*** Provided records ***

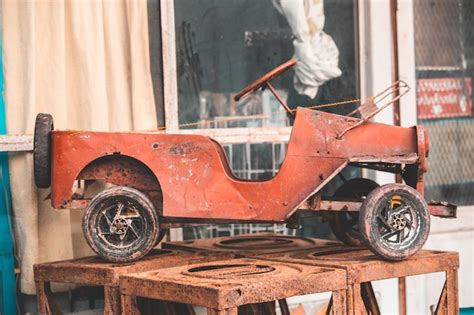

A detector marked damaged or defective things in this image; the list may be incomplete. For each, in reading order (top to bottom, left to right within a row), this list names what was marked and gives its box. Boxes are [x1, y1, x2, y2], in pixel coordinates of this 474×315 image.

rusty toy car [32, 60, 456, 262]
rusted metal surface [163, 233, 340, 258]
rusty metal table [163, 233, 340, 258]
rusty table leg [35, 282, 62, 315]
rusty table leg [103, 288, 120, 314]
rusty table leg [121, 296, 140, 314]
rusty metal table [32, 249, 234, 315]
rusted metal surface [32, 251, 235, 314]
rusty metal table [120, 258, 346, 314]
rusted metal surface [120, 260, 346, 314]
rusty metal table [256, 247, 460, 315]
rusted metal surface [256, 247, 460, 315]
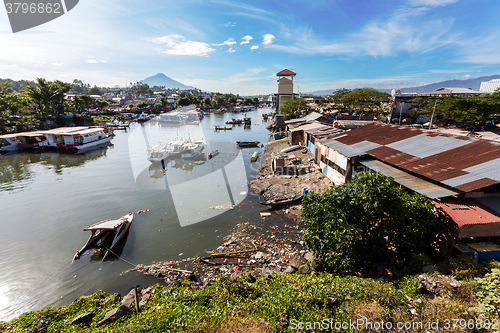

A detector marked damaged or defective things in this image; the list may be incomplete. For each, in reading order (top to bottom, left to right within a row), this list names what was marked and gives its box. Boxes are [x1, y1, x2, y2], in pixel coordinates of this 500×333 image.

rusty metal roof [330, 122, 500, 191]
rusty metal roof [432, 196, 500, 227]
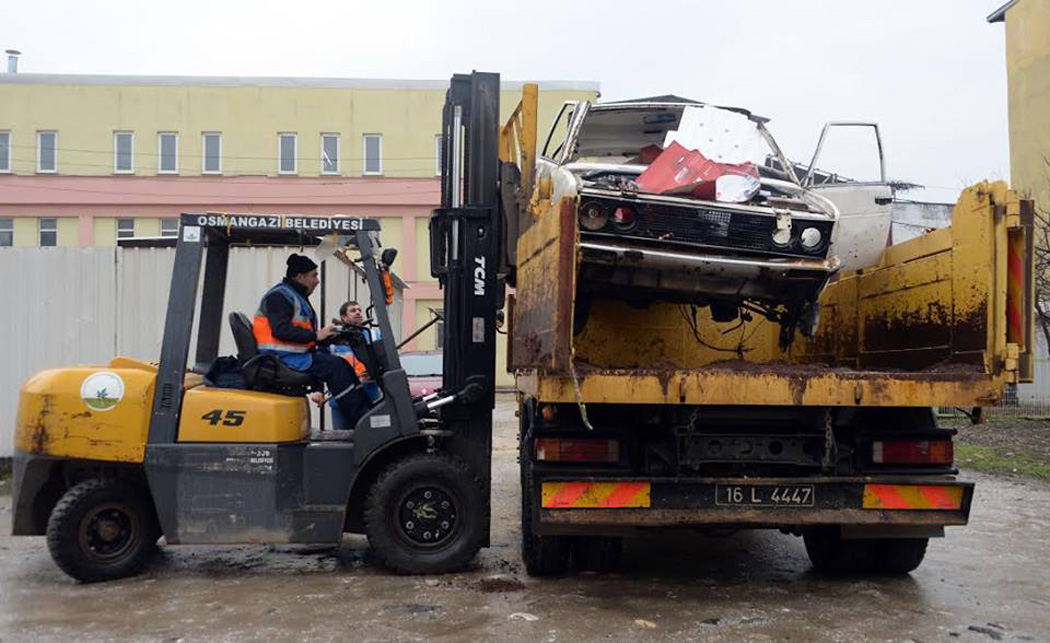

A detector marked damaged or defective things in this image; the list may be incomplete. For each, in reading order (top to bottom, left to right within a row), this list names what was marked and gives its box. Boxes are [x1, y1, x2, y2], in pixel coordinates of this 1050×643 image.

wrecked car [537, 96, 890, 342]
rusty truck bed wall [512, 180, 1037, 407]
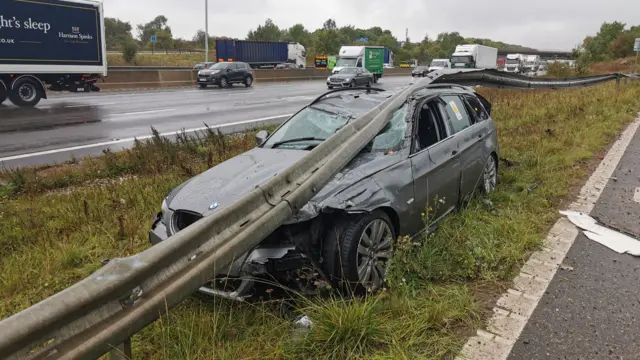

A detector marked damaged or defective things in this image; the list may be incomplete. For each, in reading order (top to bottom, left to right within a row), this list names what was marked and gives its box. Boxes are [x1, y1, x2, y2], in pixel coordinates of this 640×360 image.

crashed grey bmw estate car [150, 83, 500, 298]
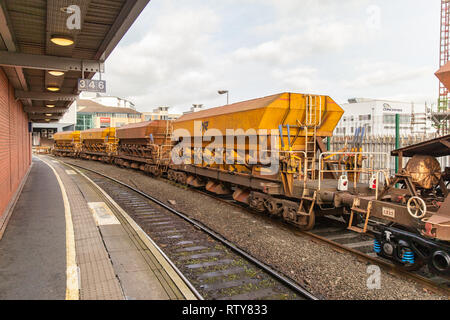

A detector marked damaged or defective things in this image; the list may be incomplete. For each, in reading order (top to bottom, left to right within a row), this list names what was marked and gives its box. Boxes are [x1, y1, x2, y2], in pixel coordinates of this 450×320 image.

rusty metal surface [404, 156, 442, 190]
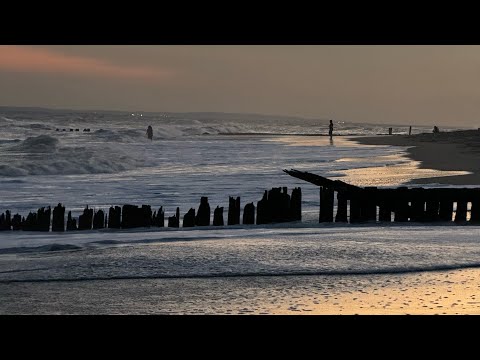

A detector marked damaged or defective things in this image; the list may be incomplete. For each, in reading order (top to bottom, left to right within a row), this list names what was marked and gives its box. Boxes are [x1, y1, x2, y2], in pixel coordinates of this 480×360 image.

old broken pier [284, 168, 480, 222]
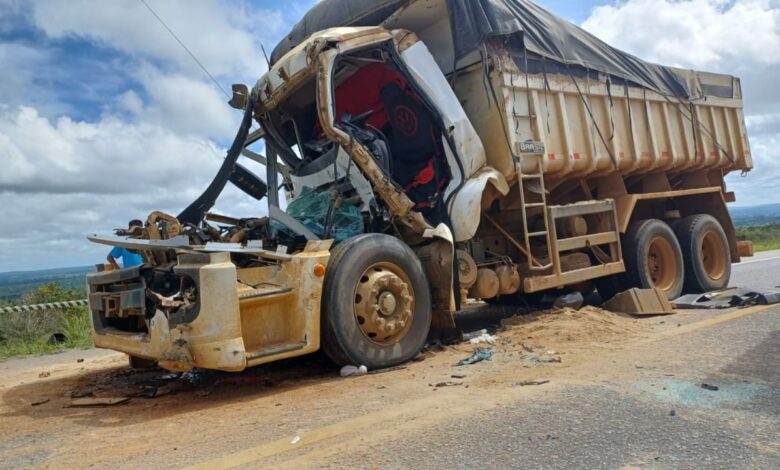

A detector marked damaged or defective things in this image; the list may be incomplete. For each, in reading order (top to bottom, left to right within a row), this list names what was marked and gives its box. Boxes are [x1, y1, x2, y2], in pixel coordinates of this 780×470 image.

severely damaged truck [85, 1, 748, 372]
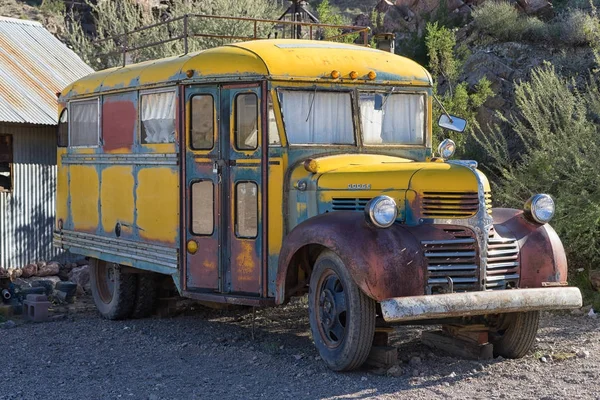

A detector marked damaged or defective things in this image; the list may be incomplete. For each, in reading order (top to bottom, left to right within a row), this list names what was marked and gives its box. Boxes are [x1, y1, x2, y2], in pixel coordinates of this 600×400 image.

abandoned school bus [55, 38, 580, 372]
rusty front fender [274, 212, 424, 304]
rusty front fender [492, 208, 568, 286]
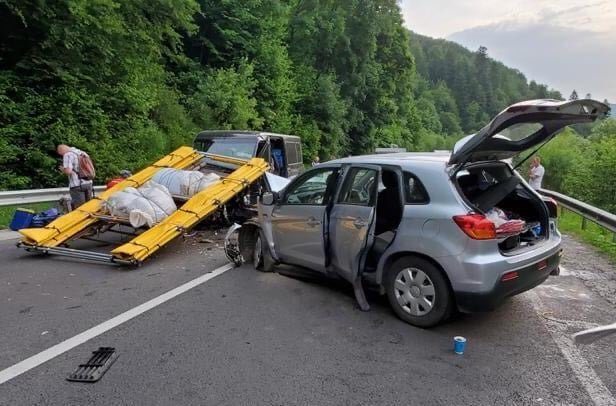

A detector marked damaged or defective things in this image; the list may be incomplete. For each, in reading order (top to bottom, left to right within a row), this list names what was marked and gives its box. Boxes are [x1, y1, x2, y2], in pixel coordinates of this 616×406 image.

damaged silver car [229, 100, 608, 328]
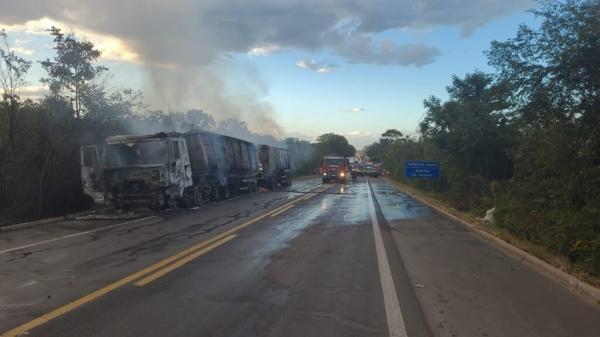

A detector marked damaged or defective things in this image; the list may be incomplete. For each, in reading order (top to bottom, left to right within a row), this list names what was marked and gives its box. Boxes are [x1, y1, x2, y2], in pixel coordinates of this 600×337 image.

*** End of Provided records ***

• Directions for this task: Give again exactly the lines from the one holding "this 616×406 image." to the final line of the records, both ends included, and nothing more. Pictures do not belong in the copy.

• Solution to this task:
A detector marked damaged or defective things in this image; the list may be incomplete. For each, in reading order (top to bottom, left to right within a row), this list names what was marked and gives its box. Boxes are [x1, y1, x2, y2], in pixel coordinates of this 616×406 image.

damaged silver car [229, 100, 608, 328]

A detector marked damaged or defective things in this image; the list may be incomplete. For each, in reading order (top to bottom, left to right within a row), this list names what was marked and gives its box. Boxes are [x1, y1, x2, y2], in pixel coordinates of this 600×337 image.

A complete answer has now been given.